Alastair, if you are unable to engage the content of my posts, wouldn't it be honorable just to say so, instead of turning the quest for truth into a "debate"?
Nothing you have said to date - that I have read anyway - has provided any genuine response to the serious questions raised in the original Urban Legend.
Goodness, man, how simple can I make it? I quoted the article's claim that the pollsters inflated big-city turnout in order to bump up Bush's vote totals; I presented the evidence to the contrary. What on earth are you looking for?
When is it your turn to answer serious questions? You may think I am rude to point out that you aren't defending the Collins article, but you are not.
Note, moreover, that I have provided evidence that the NYC result is
not surprising, evidence which you have yet to address or even to acknowledge. For your part, you have made no effort to demonstrate that
any of the results to which you allude is surprising or anomalous, much less "implausible." You simply have not presented an argument. If you ever do present an argument (for NYC, Illinois, or anywhere else), I will be happy to consider it.
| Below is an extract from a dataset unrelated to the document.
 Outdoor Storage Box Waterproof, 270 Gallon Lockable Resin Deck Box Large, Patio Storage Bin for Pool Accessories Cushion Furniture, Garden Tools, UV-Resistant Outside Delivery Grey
However, it is not the case that any such argument supports "the original Urban Legend" provided that you can work in the word "urban."
Perhaps
you would like to take a turn stating, in a few simple and precise sentences -- preferably drawn from the text -- what you understand to be the central arguments of that article.
"Has it occurred to you that there may be ways to say things which are less likely to get people's backs up?"